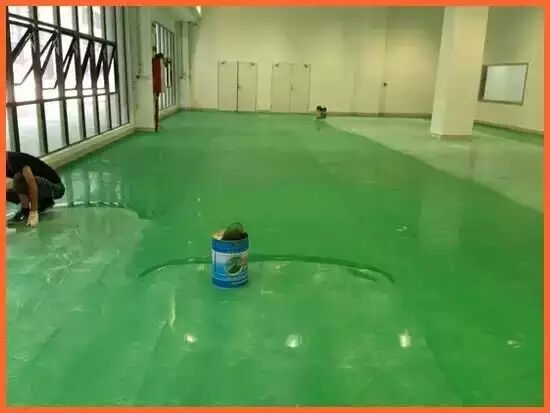 张店选择适合室外地坪漆翻新的材料 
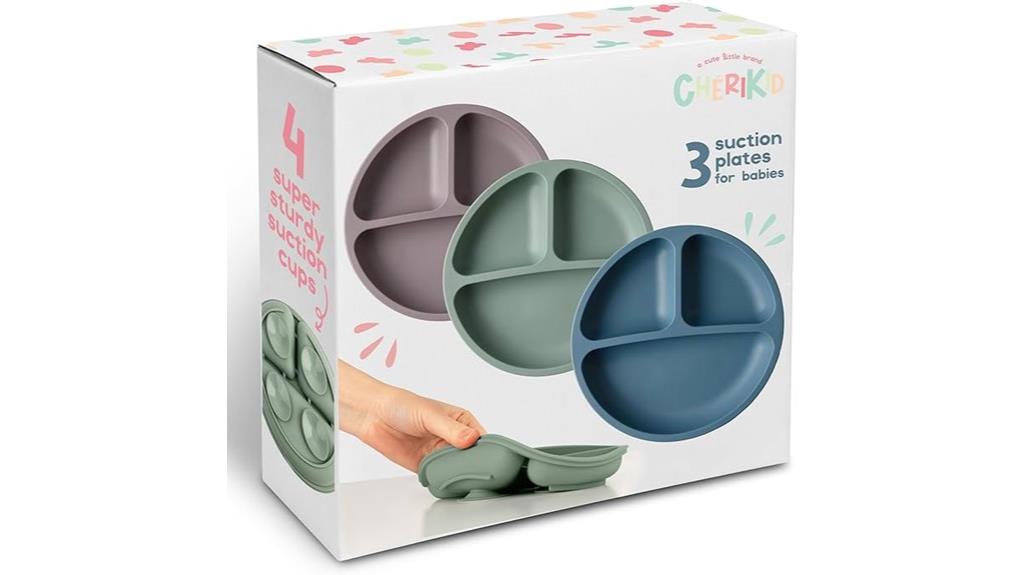 baby and toddler suction plates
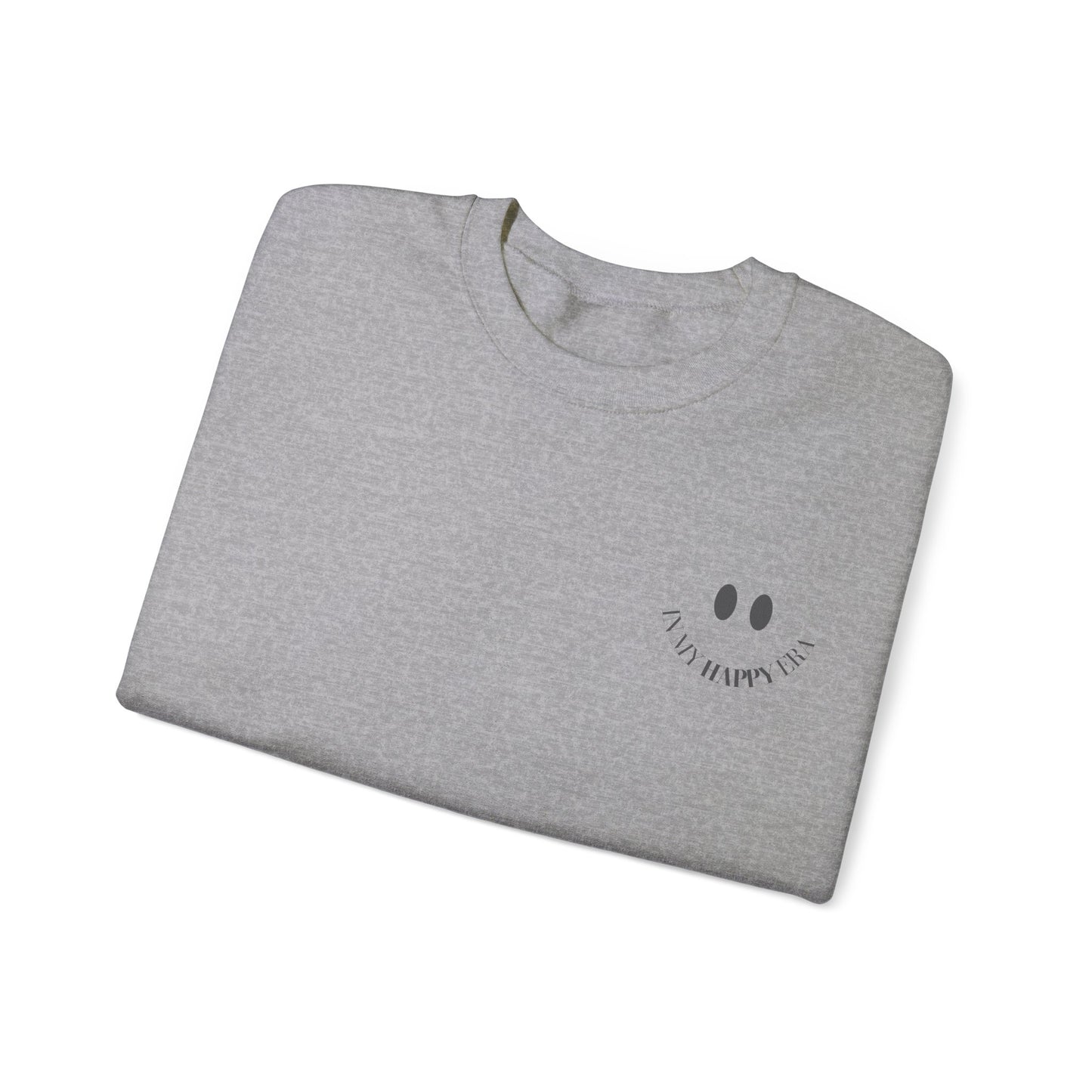 'Happy Era' Crewneck Sweatshirt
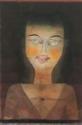 Paul Klee, Klee, Paul (1879-1940), Girl Possessed, Oil transfer drawing and watercolour on paper, Modern, 1924,
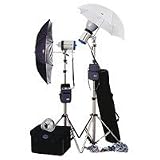 JTL DL-600 Dual Mobilight Kit with 2 Mobilight 300 DC Operated Monolights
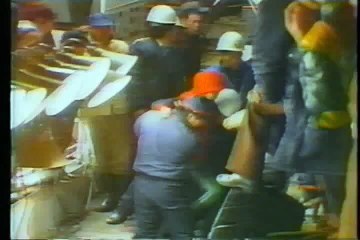 伊豆三原山噴火（7）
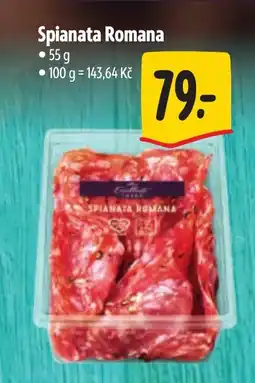 Albert Spianata Romana nabídka
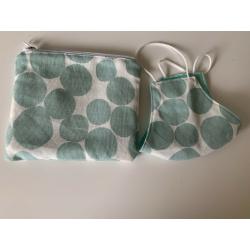 Face mask and bag set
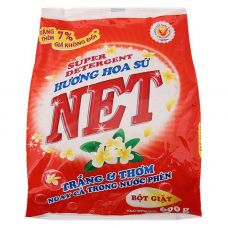 Bột Giặt Net Hương Hoa Sứ Bịch 600G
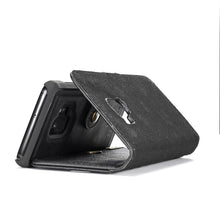 Load image into Gallery viewer, DG.MING for Galaxy S9 Crazy Horse Texture Horizontal Flip Detachable Magnetic Protective Case with Holder &amp; Card Slots &amp; Wallet, Galaxy S9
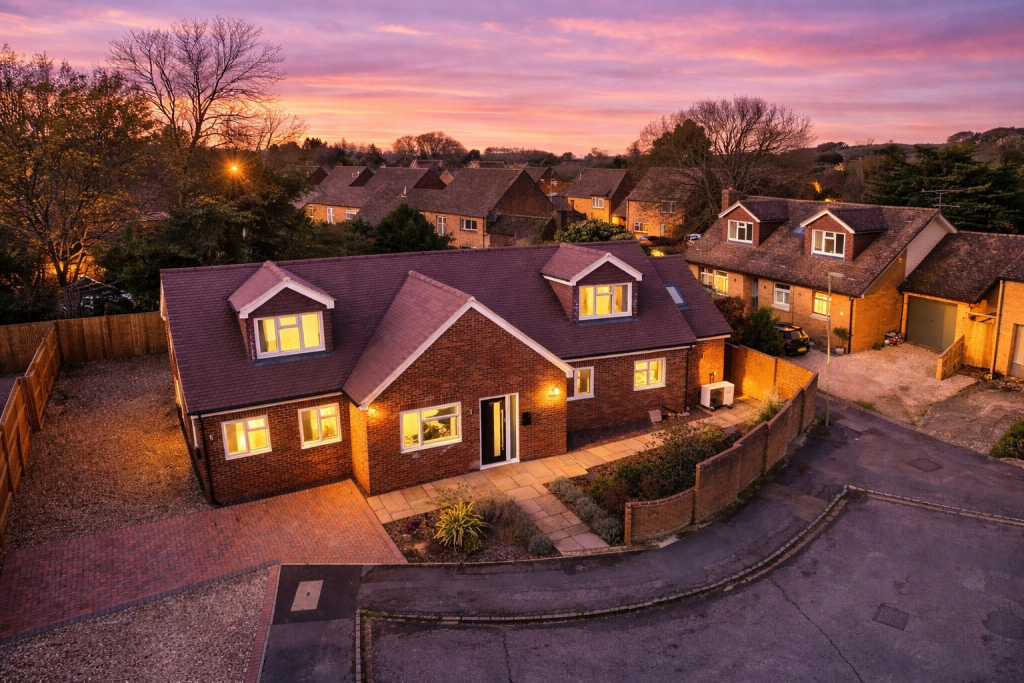 House in South Oxfordshire, Woodcote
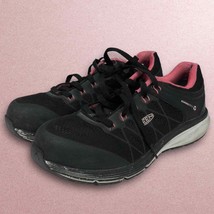 Keen Utility Vista Energy Composite Toe Sneakers, Black, Women&#39;s 8 - £48.98 GBP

##############################

TASK GOAL: Beginning with the line where "Bột Giặt Net Hương Hoa Sứ Bịch 600G" appears, reproduce every remaining line of the listing above, the last one included, but none of the pictures.

ANSWER TO THIS EXERCISE:
 Bột Giặt Net Hương Hoa Sứ Bịch 600G
 Load image into Gallery viewer, DG.MING for Galaxy S9 Crazy Horse Texture Horizontal Flip Detachable Magnetic Protective Case with Holder &amp; Card Slots &amp; Wallet, Galaxy S9
 House in South Oxfordshire, Woodcote
 Keen Utility Vista Energy Composite Toe Sneakers, Black, Women&#39;s 8 - £48.98 GBP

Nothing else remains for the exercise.